To assess the responsiveness of the Menin KO naive CD4 T cells to IL-4 and IL-12, we stimulated naive CD4 T cells with anti-TCR-β and anti-CD28 Ab in the presence of various doses of IL-4 or IL-12. As we previously reported35, the Menin-deficient CD4 T cells normally differentiated into IL-4-producing cells under optimal TH2 culture conditions (Supplementary Fig. 4d, right panel). Compared with WT cells, the Menin KO naive CD4 T cells readily differentiated into IL-4-producing cells in response to low concentrations of IL-4 (Supplementary Fig. 4d). Enhanced generation of IFN-γ-producing cells was detected in the Menin KO CD4 T cells even in the presence of IL-4 (Supplementary Fig. 4d). The IL-12-dependent induction of IFN-γ-producing cells was augmented in the Menin KO naïve CD4 T-cell cultures, although the Menin-deficient CD4 T cells normally differentiated into IFN-γ-producing cells under optimal TH1 culture conditions (Supplementary Fig. 4e). These results indicate the crucial role of Menin in regulating the IFN-γ and TH2 cytokine production in CD4 T cells under the condition with limited concentration of IL-4 or IL-12, respectively.

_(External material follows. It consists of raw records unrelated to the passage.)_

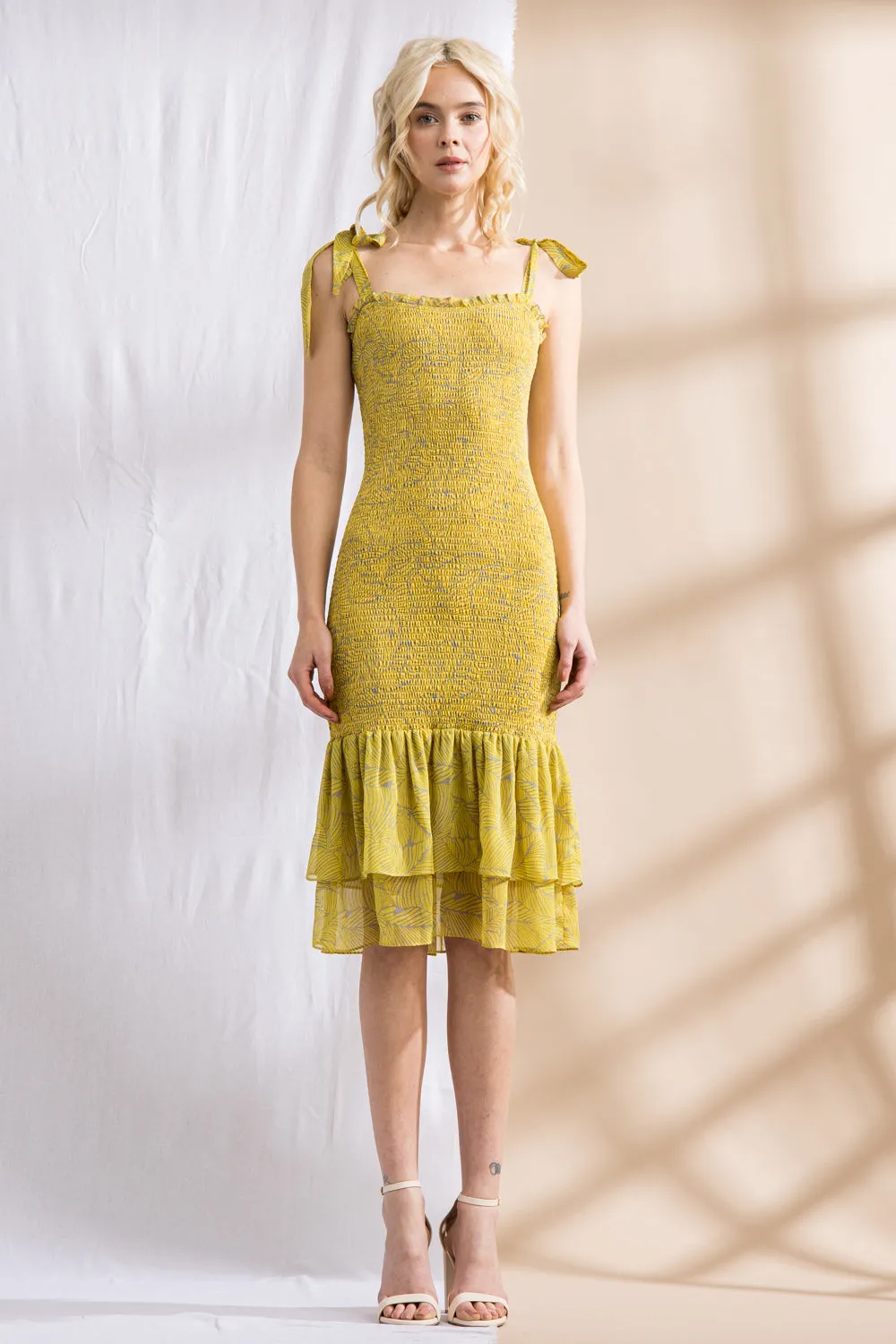 Smocked Shoulder Tie Ruffle Midi Dress sold by Lord & Taylor product image thumbnail 4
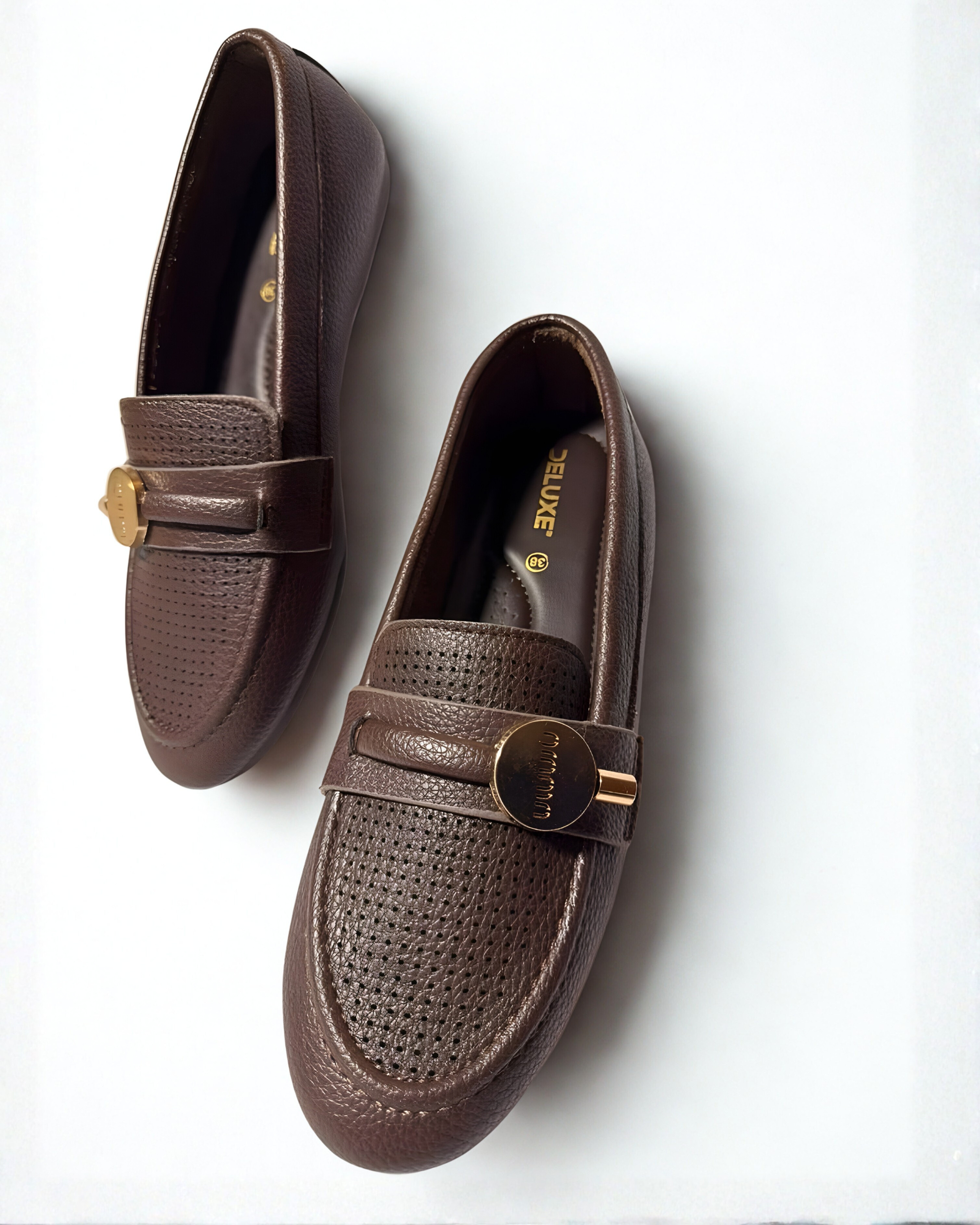 Brown Luxury Medicated Leather Pumpies – Cushioned Comfort (Brown)  Luxora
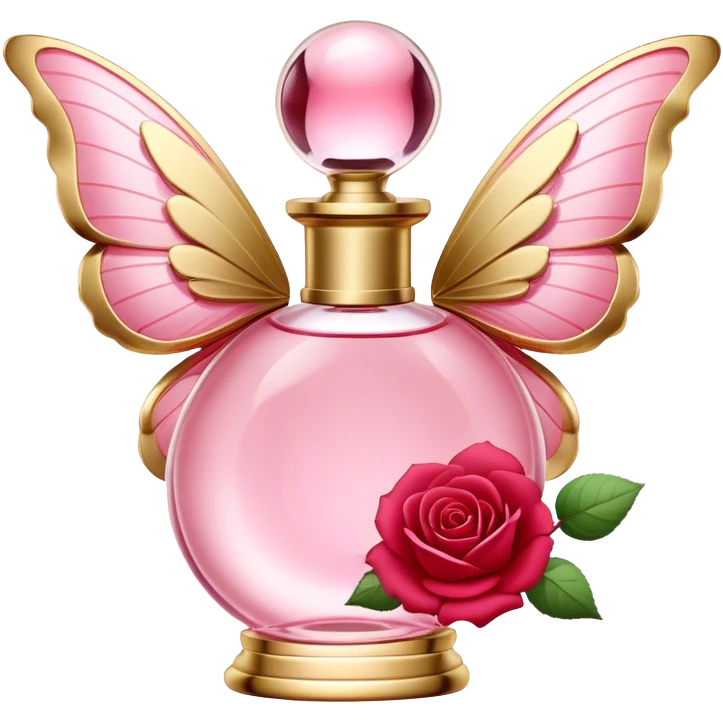 An elegant perfume bottle in Angel Pink with gold accents, surrounded by delicate butterflies with Rose Red and Deep Red wings, gracefully fluttering in a warm, romantic glow. emoji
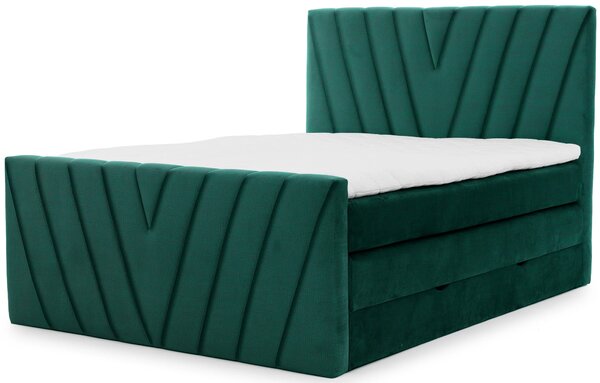 Boxspringová postel 140x200 NAVARO - zelená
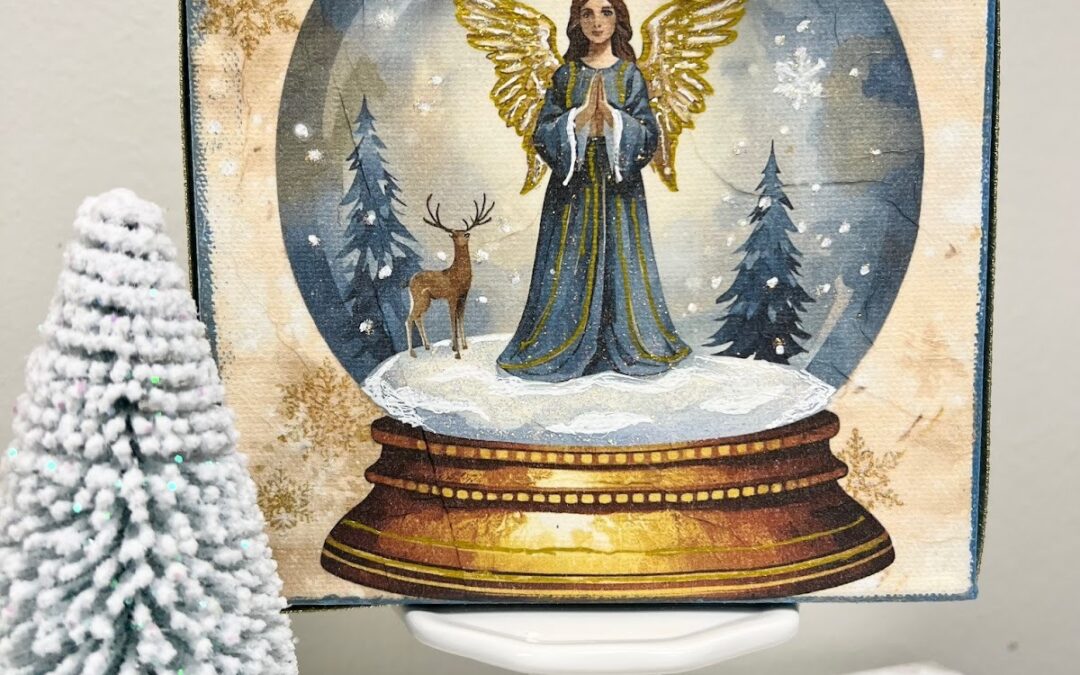 DIY Nativity Snow Globe Canvas: Christmas Napkin Art Tutorial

Bach2 is a downstream target of Menin

Next, we investigated the molecular mechanisms involved in the induction of SASP and cytokine production in the Menin-deficient cells. On the basis of the results of the DNA microarray analysis, we focused on Bach2, which was differentially expressed in the Menin KO TH cells (Supplementary Data 1). The Bach2 mRNA (Fig. 4a, right) and protein levels (Fig. 4b) were significantly reduced in the Menin KO TH cells compared with those in the WT cells. The Bach2 mRNA level in the Menin KO naive CD4 T cells was marginally reduced (Fig. 4a, left). Next, we transduced Bach2 into the Menin KO TH cells. The Bach2 protein levels in the Bach2-transduced TH cells were comparable to those observed in the WT TH cells (Supplementary Fig. 5a). The induction of IL-4- and IFN-γ-producing cells from the Menin KO naïve CD4 T cells was normalized by the transduction of Bach2 (Fig. 4c, upper panel). The generation of IL-6-producing cells from the Menin KO naive CD4 T cells was also suppressed by the transduction of Bach2 (Fig. 4c, lower panel). Reduced production of IL-5, IL-10, IL-13 and OPN in the Bach2-transduced Menin TH cells was detected using ELISAs (Fig. 4d). The augmentation of CCL-3, CCL-4, CCL-5 and CXCL-2 in the Menin KO TH cells was also normalized by the Bach2 transduction (Fig. 4e). The transduction of the Menin KO TH cells with Bach2 restored the enhanced mRNA expression levels of Gzm’s and Prf1 (Fig. 4f), Ctla4 (Supplementary Fig. 5b) and the genes that encode pro-inflammatory enzymes and pro-angiogenic factors (Supplementary Fig. 5c).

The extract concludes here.